10.Correlation between methylation of interferon regulatory factor 6 gene promoter in renal tissues and overall survival of patients with Kidney renal clear cell carcinoma
Jiexin ZHANG ; Can CHEN ; Yuang WEI ; Linyuan CHEN ; Pengfei SHAO ; Huaguo XU
Chinese Journal of Medical Genetics 2024;41(2):150-156
Objective:To assess the prognostic value of methylation of interferon regulatory factor 6 ( IRF6) gene promoter in patients diagnosed with Kidney renal clear cell carcinoma (KIRC). Methods:The primary lesions of fifty KIRC patients who were diagnosed at the First Affiliated Hospital of Nanjing Medical University from January 2016 to January 2020 were collected.
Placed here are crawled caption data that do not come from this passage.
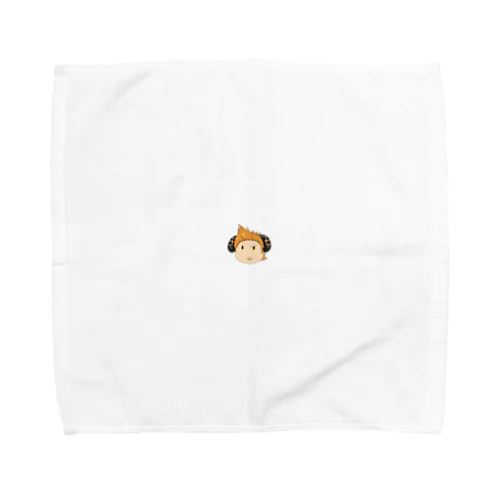 迅斗 Towel Handkerchief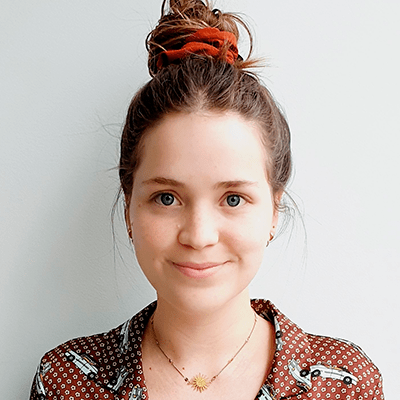 María Paula Ruiz Osorio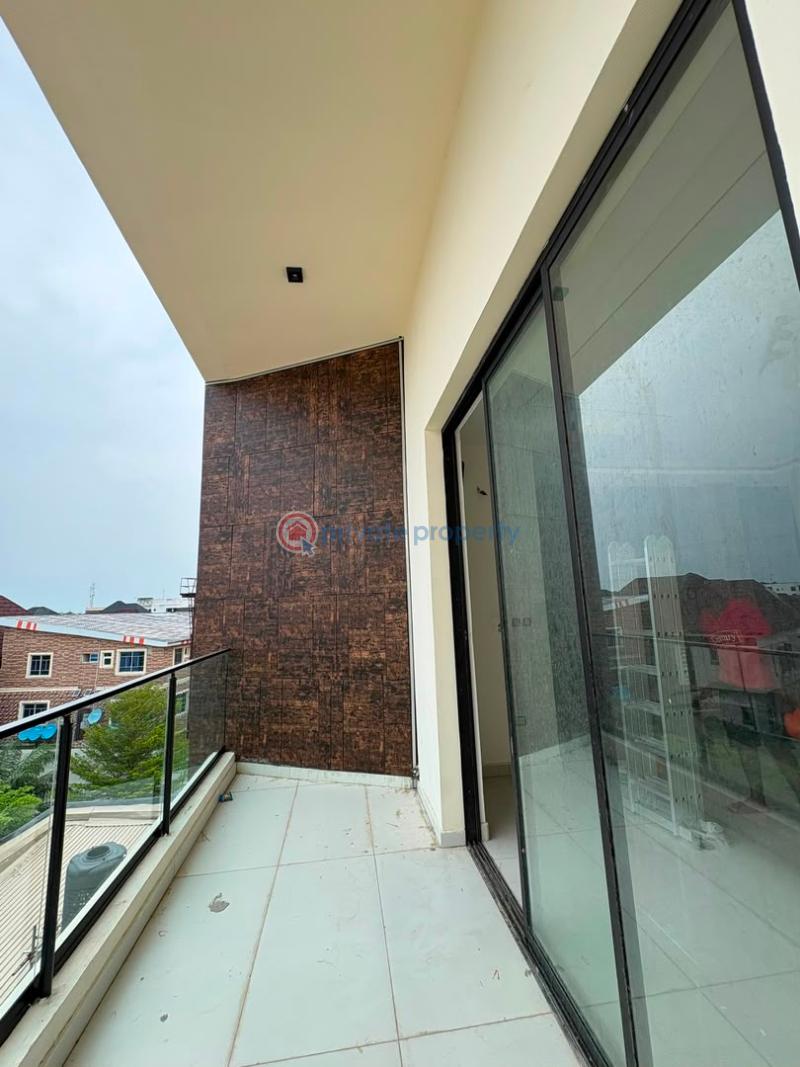 5 bedroom Detached Duplex For Sale Lekki Phase 2 Lagos - 11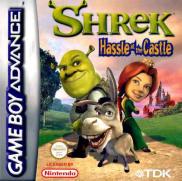 Shrek : Hassle at the Castle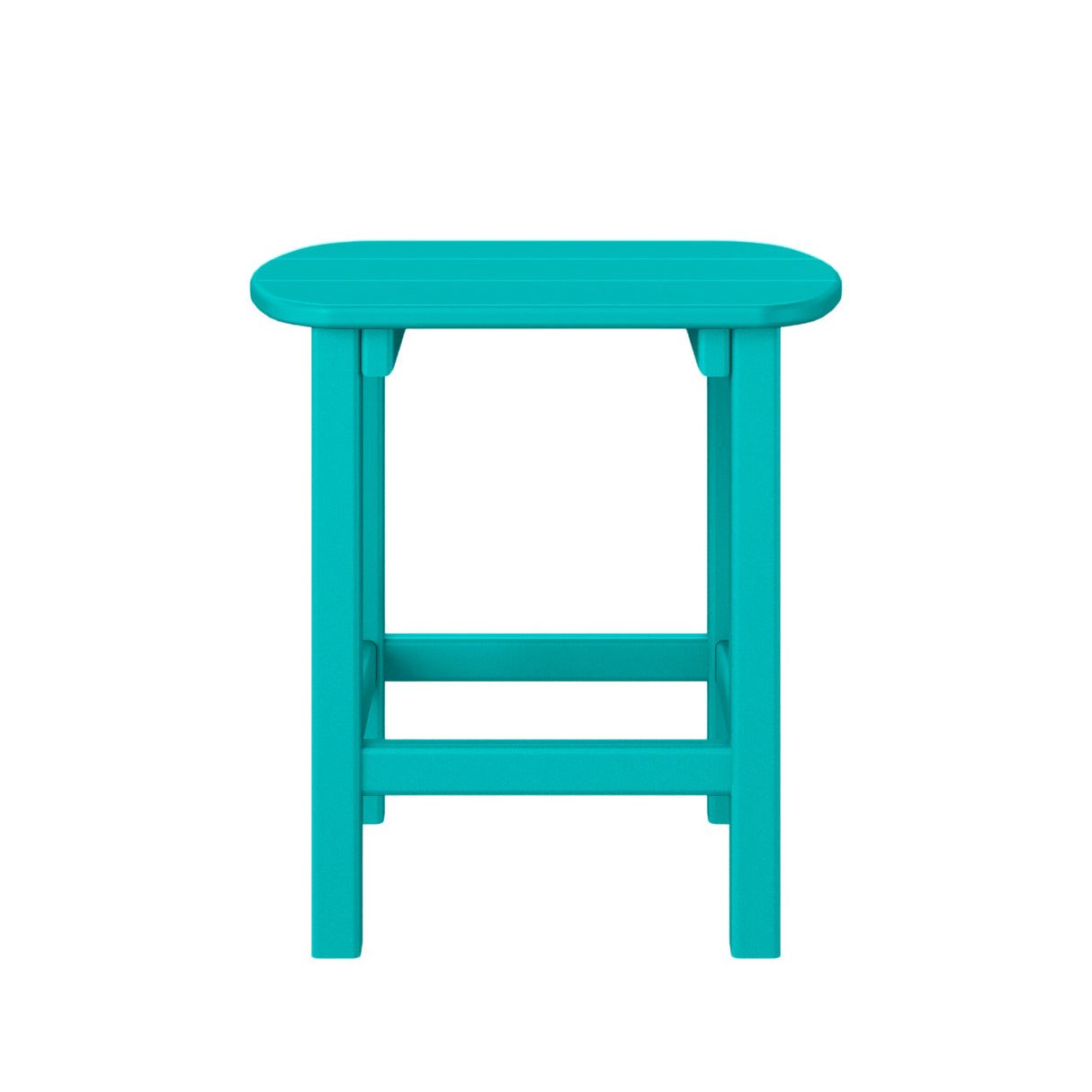 Artifex Oval Side Table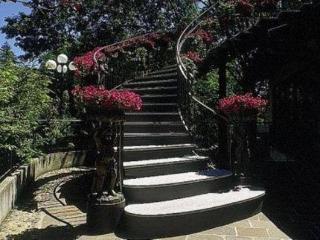 General view
 di Hotel Mazzoleni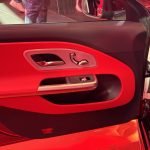 Mercedes-Benz CLA Electric 2026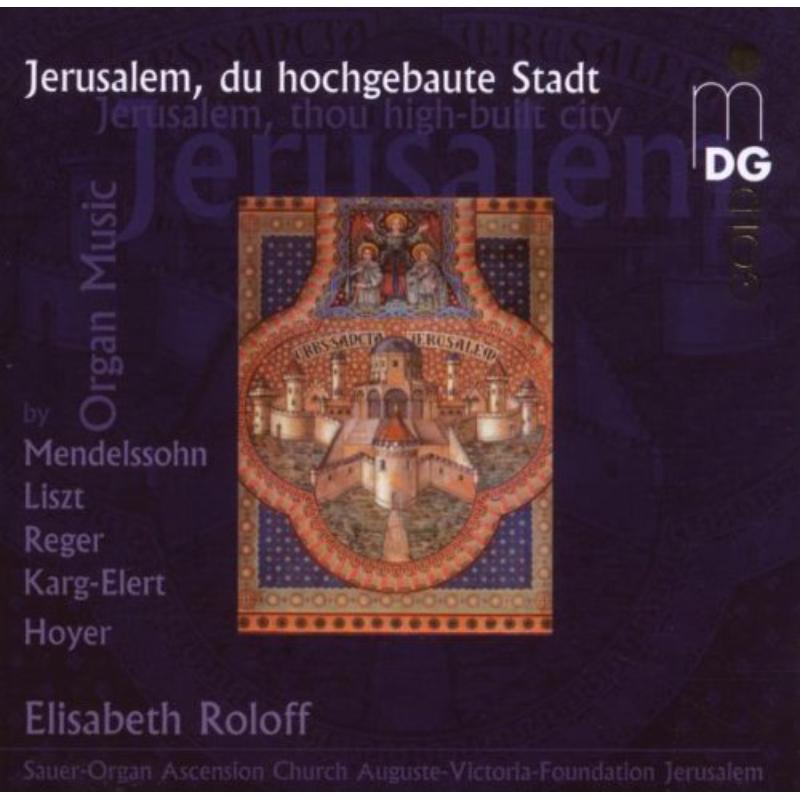 Picture of Various - Roloff, Elisabeth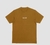 Camiseta Hawk Basic | Laranja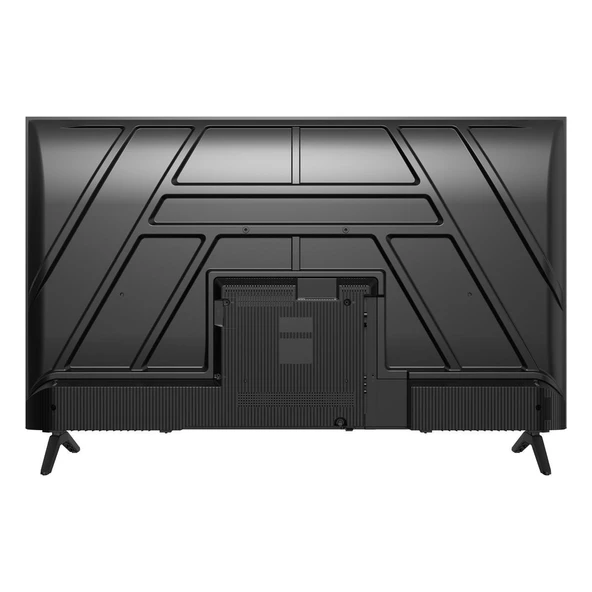 Dijitsu 50 DG 27000 50'' 126 Ekran Uydu Alıcılı 4K Ultra HD DLED Google TV - Resim 2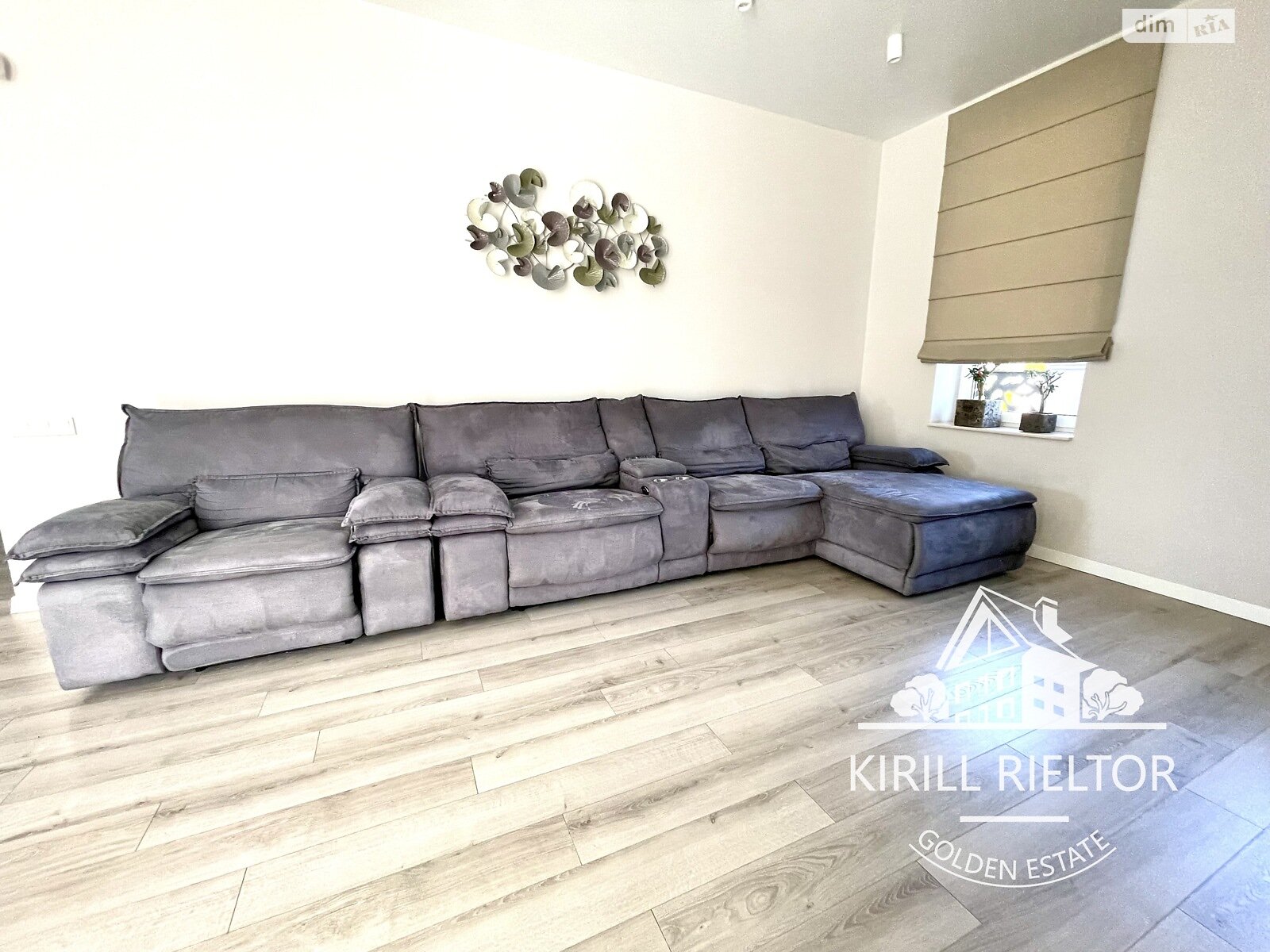 двухэтажный дом с балконом, 292 кв. м, кирпич. Продажа в Слобожанском фото 1 двухэтажный дом с балконом, 292 кв. м, кирпич. Продажа в Слобожанском фото 1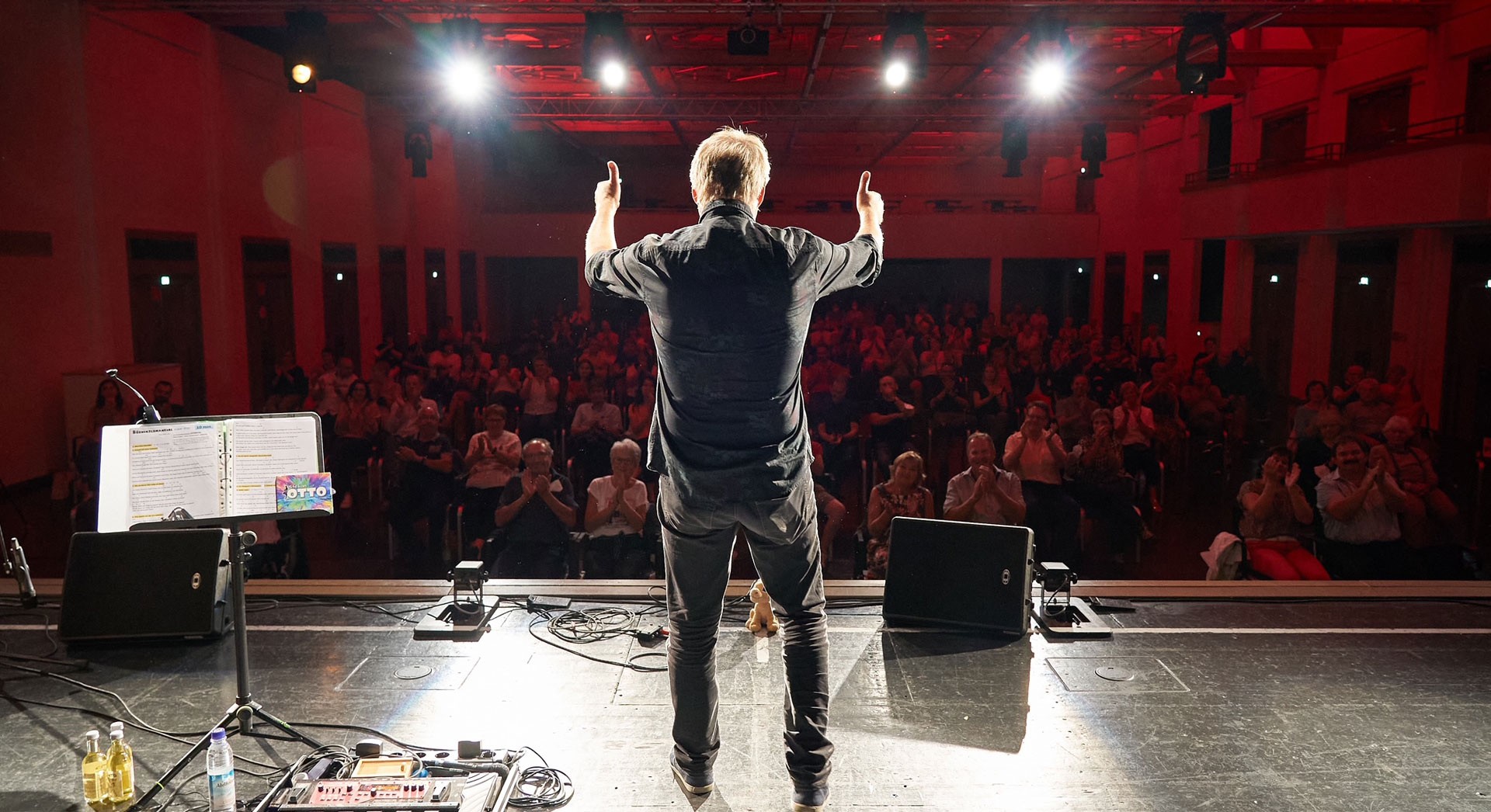 Da Franze -solo-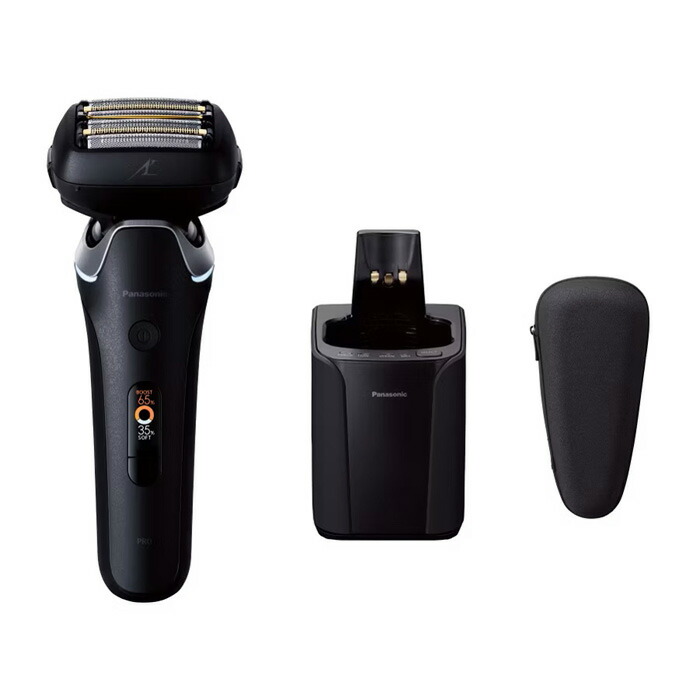 楽天市場】【即納】パナソニック メンズシェーバー 5枚刃 ラムダッシュ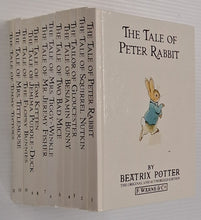 Load image into Gallery viewer, BEATRIX POTTER (SET) - Beatrix Potter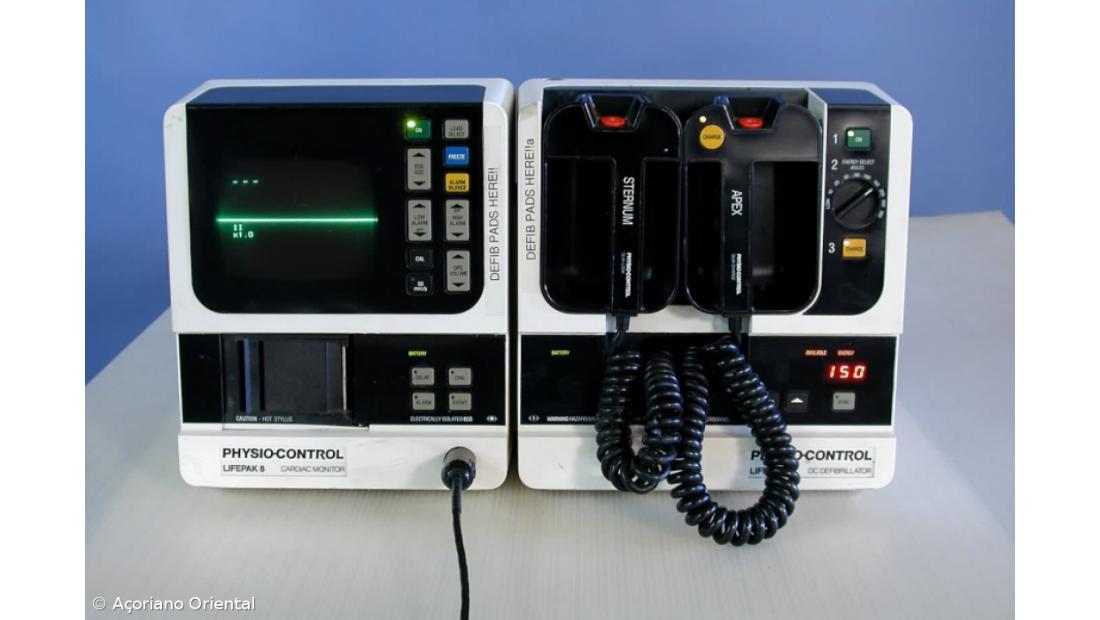 Jovem morre em jogo de futebol em Leiria, vítima de paragem cardiorrespiratória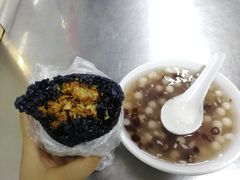 -芳婆糕团店(王府大街店)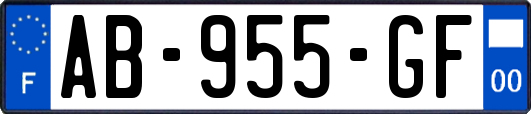 AB-955-GF
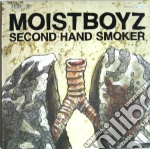 Moistboyz - 1.0 (Fuck No) cd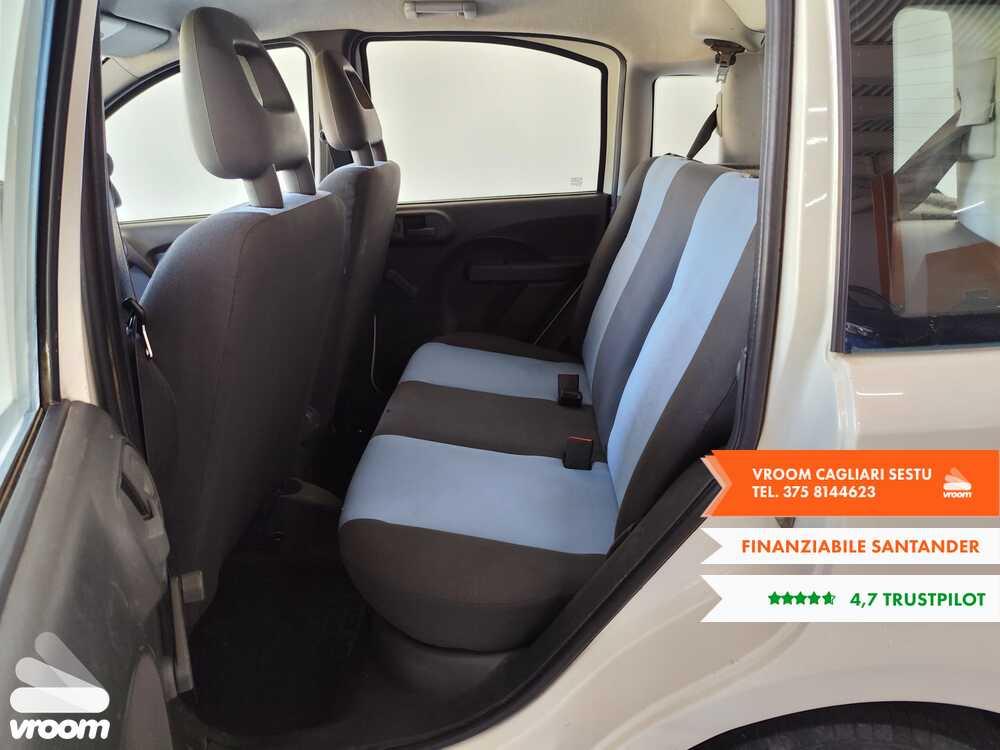 FIAT Panda 2ª serie Panda 1.2 Dynamic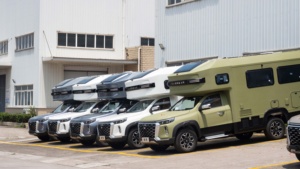 <span class=keywords><strong>Autocaravana</strong></span> Changan Fengjing Original de Alta Configuración en Venta - Product Image 5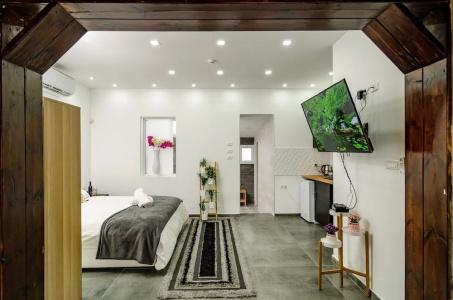 Kinneret Lodging - 32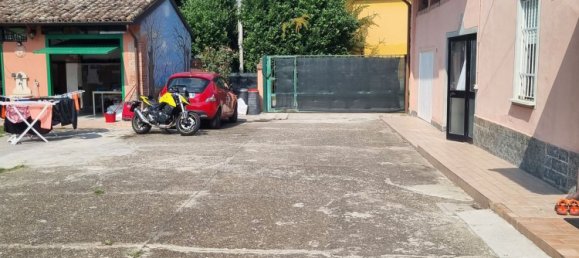 7 rooms House in Santo Stefano Lodigiano, Italy No. 116171 9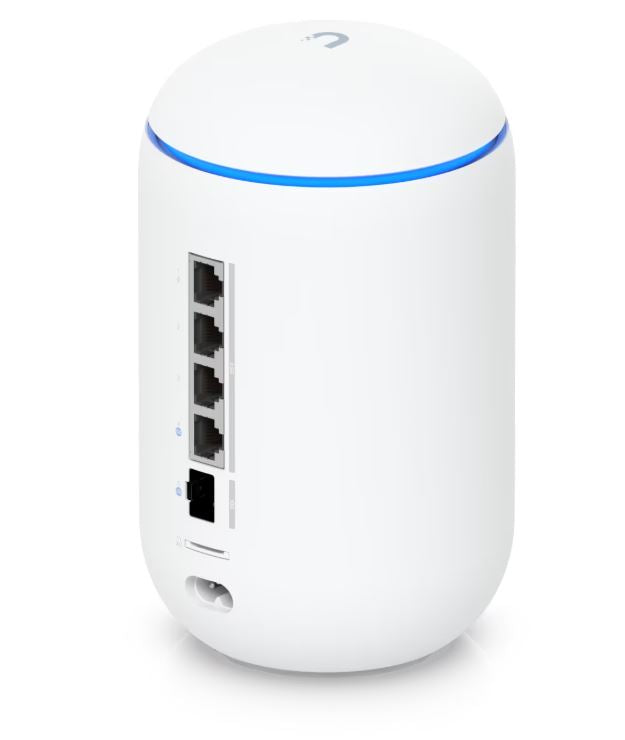 Ubiquiti UniFi Dream Router 7 Tri-Band Cloud Gateway | UDR7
The expression of IRF6 protein was determined with an immunohistochemical method. The correlation between the level of IRF6 expression and survival and/or metastasis status was analyzed. The mRNA and protein levels of the IRF6 in KIRC and normal renal tissues were compared by using bioinformatic tools. The difference in the methylation rate of the IRF6 gene promoter between tumor and adjacent tissues was analyzed by searching the online databases. Statistical analysis was carried out for the methylation status of the IRF6 gene promoter region to select those negatively correlated with the overall survival (OS) among the patients. In vitro experiments were conducted with cell lines to verify the correlation between the status of promoter methylation and transcription level of the IRF6 gene. Results:The mRNA and protein levels of the IRF6 gene in KIRC tissues were significantly lower than those of the normal controls, and this was more prominent in patients who had died or developed metastasis. The extent of IRF6 gene promoter methylation in the KIRC tissues was much higher compared with that of the adjacent normal renal tissues. There was a significant negative correlation between the methylation of the IRF6 gene promoter and mRNA level of the IRF6 ( R= -0.52). The higher methylation degree in the IRF6 gene promoter regions cg12034118 and cg16030177, the shorter the OS and worse prognosis in the patients. Only twenty CpG sites in cg12034118 were confirmed to be highly methylated in KIRC cell lines. The transcription level of the IRF6 gene was upregulated in a time- and dose-dependent manner after the treatment with demethylation reagent 5-azadeoxycytidine. Conclusion:The methylation of IRF6 gene promoter in the renal tissues of KIRC patients is closely correlated with the OS. Cg12034118 may provide a promising biomarker for laboratory detection, and its high methylation rate has certain reference value for the prognosis.